Penelitian ini menyoroti keseimbangan penting antara eksplorasi dan efisiensi dalam pembelajaran. Sementara perhatian selektif orang dewasa memungkinkan mereka menyelesaikan tugas dengan cepat, pengambilan sampel yang luas pada anak-anak dapat melindungi mereka dari mengabaikan informasi penting namun tidak terduga.
Temuan ini dapat memiliki implikasi yang signifikan bagi pendidikan dan pengasuhan anak. Daripada selalu mendorong perhatian terfokus pada detail tertentu, mungkin ada nilai dalam mengizinkan dan mendorong eksplorasi yang lebih luas dalam beberapa konteks pembelajaran.
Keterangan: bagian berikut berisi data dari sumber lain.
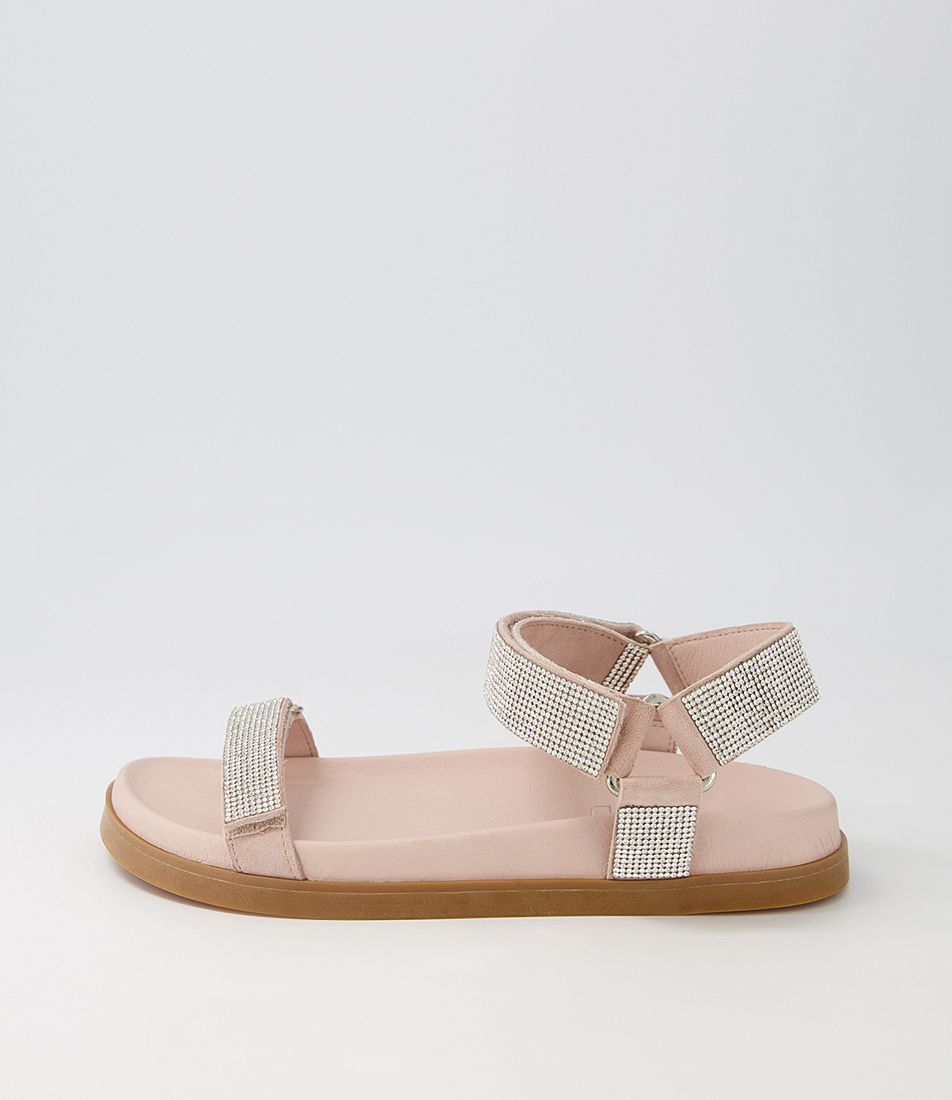 Ravenna Nude Silver Suede Jewels Sandals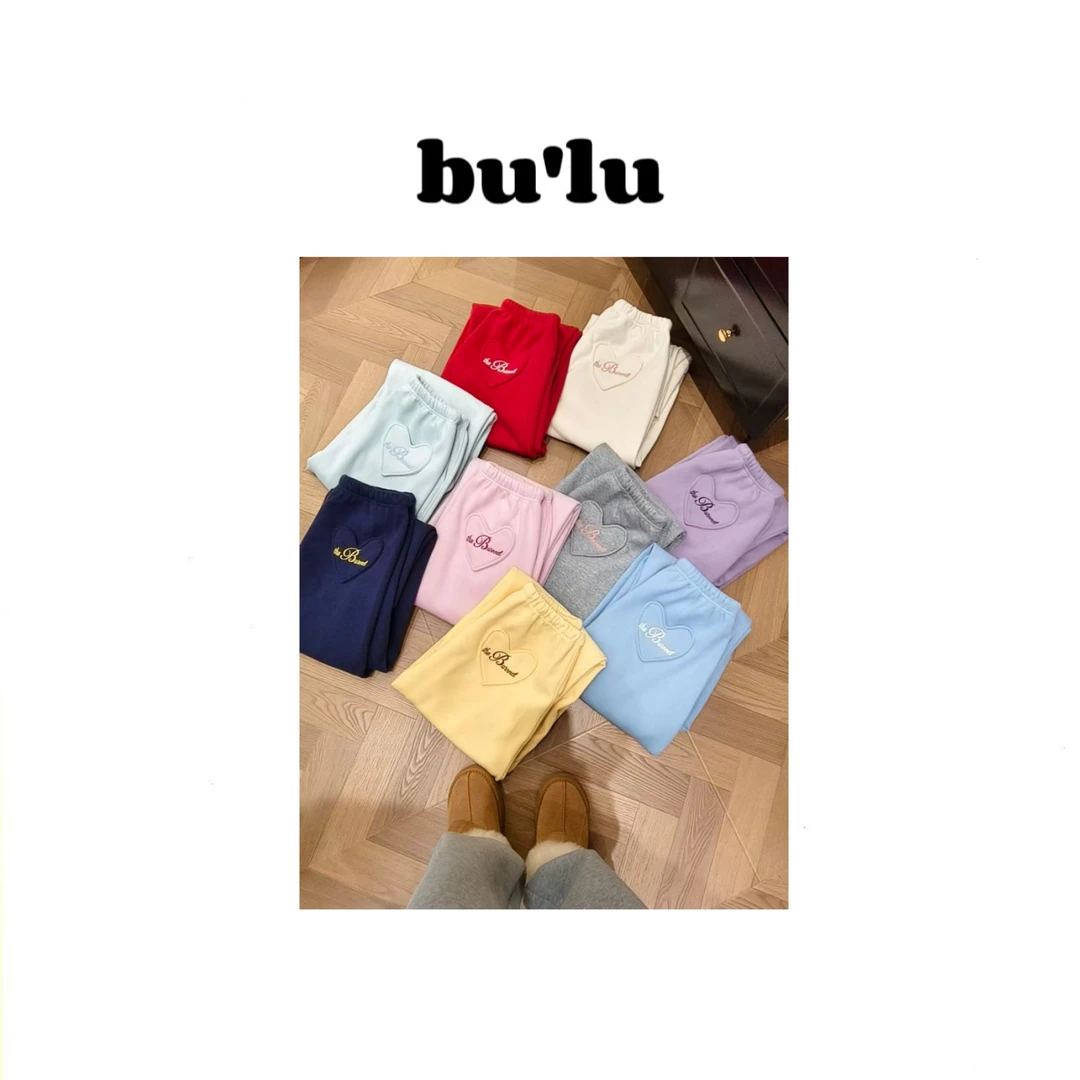 bu'lu “冬夜序曲“多巴胺韩系爱心松紧腰裤子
Studi ini juga membuka jalan yang menarik untuk penelitian di masa mendatang. Memahami mekanisme yang tepat yang mendorong perilaku eksplorasi anak-anak – apakah itu rasa ingin tahu, keterbatasan memori kerja, atau kombinasi faktor-faktor tersebut – dapat memberikan wawasan berharga tentang perkembangan kognitif dan strategi pembelajaran.
Pendanaan & Pengungkapan
Penelitian ini didukung oleh hibah dari Eunice Kennedy Shriver National Institute of Child Health and Human Development, bagian dari US National Institutes of Health. Para peneliti menyatakan tidak ada konflik kepentingan dalam melakukan penelitian ini.